4 furgoni della polizia (i mossos d’escuadra sono il corpo di polizia autonomico catalano) bloccano calle Robadors, entrando anche nel locale continguo alla Bata, il 23. Per un paio d’ore la strada è bloccata, alcune delle persone che si trovavano all’interno dei locali vengono identificate, perquisite e se osano chiedere perché si prendono anche qualche schiaffone (i mossos sono famosi per avere la mano pesante…)
Si saprá poi che sono 6 i locali *d’ambiente* (gay, lesbico, queer) che quella stessa notte sono stati assaltati e perquisiti in cerca di irregolaritá amministrative. Nessuno di loro – caso strano – si trova nella zona del cosiddetto Gayxample (congiunzione tra Gay e Eixample, nome di un quartiere abbastanza borghese della cittá), territorio piú turistico in cui regna la peseta rosa, ovvero il commercio frocio in tutte le sue declinazioni.
Le persone che hanno vissuto queste retate le descrivono con il terrore abituale di chi sa di vivere in uno spazio/tempo in cui è diventato aleatorio e revocabile lo stato di diritto.
Certo che oltre al danno, in questo caso c’è stata pure la beffa…
(anche al secondo atto siamo sopravvissute. per il momento)
Atto terzo
Lunedí 1 luglio prendo un aereo per Roma. Con le migliori intenzioni mi sono prestata a partecipare a un’intervista per un bel programma della televisione italiana (sono pronta ad essere masticata e digerita – sono pronta a sforzarmi di comunicare qualcosa di radicale e rivoluzionario e che di ció passi meno del 30% – sono pronta anche a sembrare una scema; per una volta ho deciso di compromettermi e che il gioco vale la candela), quindi in due giorni mi tocca fare un assurdo ping pong Barcellona-Roma.
Mi offrono tutti i comfort di serie: dall’aeroporto una macchina con autista mi accompagnerá fino al Teatro delle Vittorie come se fossi una Lorella Cuccarini.
L’autista deve avere piú di sessant’anni e mi dice che devo tenere i finestrini chiusi.

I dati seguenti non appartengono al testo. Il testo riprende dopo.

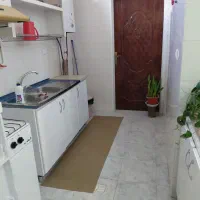 اجاره سوئیت
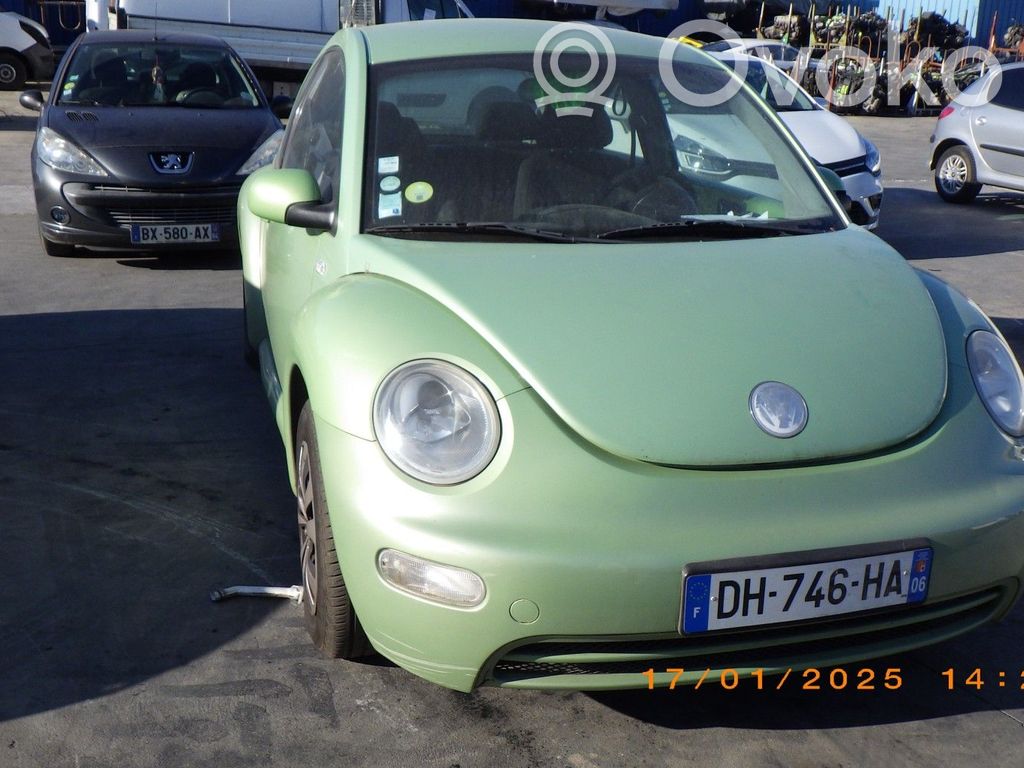 New Beetle Beetle  1C0807421HGRU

Evabbé.
>>>>>>>>> Chi mi conosce sa che odio viaggiare in automobile – in realtá sono macchinafobica che non so come si dice – e uno dei modi per sostenere la paura che mi tortura è quello di viaggiare con la testa fuori dal finestrino come un cane, inebriata dall’aria
Il tipo ha voglia di chiacchierare. Mi dice che Prati non è al centro di Roma, e che si chiama cosí perché prima che ci mettesse mano Mussolini lí era solo campagna.
Io mangio la foglia.
Il vecchio fascio è il contrappasso che mi tocca per aver scelto di ammischiarmi con un media mainstream. Calcolo mentalmente il tempo che manca all’arrivo a destinazione e mi impongo di rimanere zitta e di non rispondere a nessuna provocazione.
Il tipo deve pensare che chi tace acconsente, quindi continua a sproloquiare finché non arriva a quello che dev’essere il suo pezzo forte, ovvero “A me sti froci me fanno proprio schifo”.

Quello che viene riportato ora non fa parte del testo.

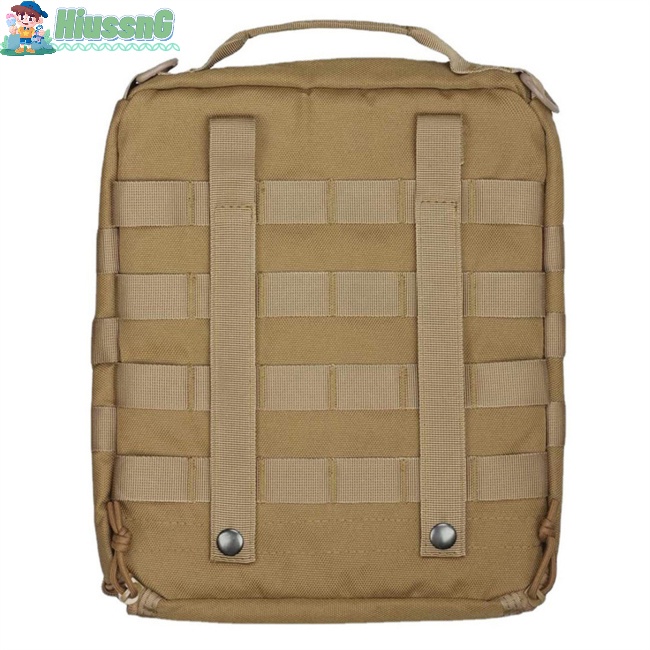 Túi Đựng Mũ Bảo Hiểm Chống Thấm Nước Đa Năng Tiện Dụng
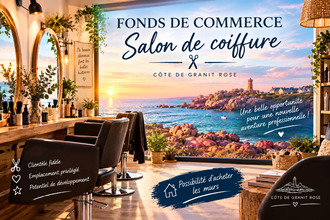 achat boutique trebeurden 22560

Lí smetto di far finta di non sentire e gli dico che non gli ho chiesto la sua illuminante opinione sull’argomento e che anzi non ho proprio piacere di starla a sentire. Il tipo continua a blaterare minchiate omofobiche anche pesanti come se ció fosse un suo pieno diritto.
Per fortuna siamo arrivati a Prati, nel frattempo.
Esco dalla macchina con una rabbia che m’acceca pensando a Clement Meric, l’attivista francese ucciso dai fascisti una settimana dopo aver partecipato alle manifestazioni a sostegno della legge sul matrimonio omosessuale in Francia.
Bestemmio al ricordare la nuova legge russa che proibisce la propaganda gay e mi viene da ridere amaro se penso che nel mondo dello spettacolo, in Italia, non esiste nessuna lesbica che viva tranquilla fuori dall’armadio le sue storie d’amore.
Epilogo
Il padre della mia amica ha torto di brutto.
Di Stonewall c’è ancora bisogno. E tanto.
Ma non per essere felici, proprio per sopravvivere.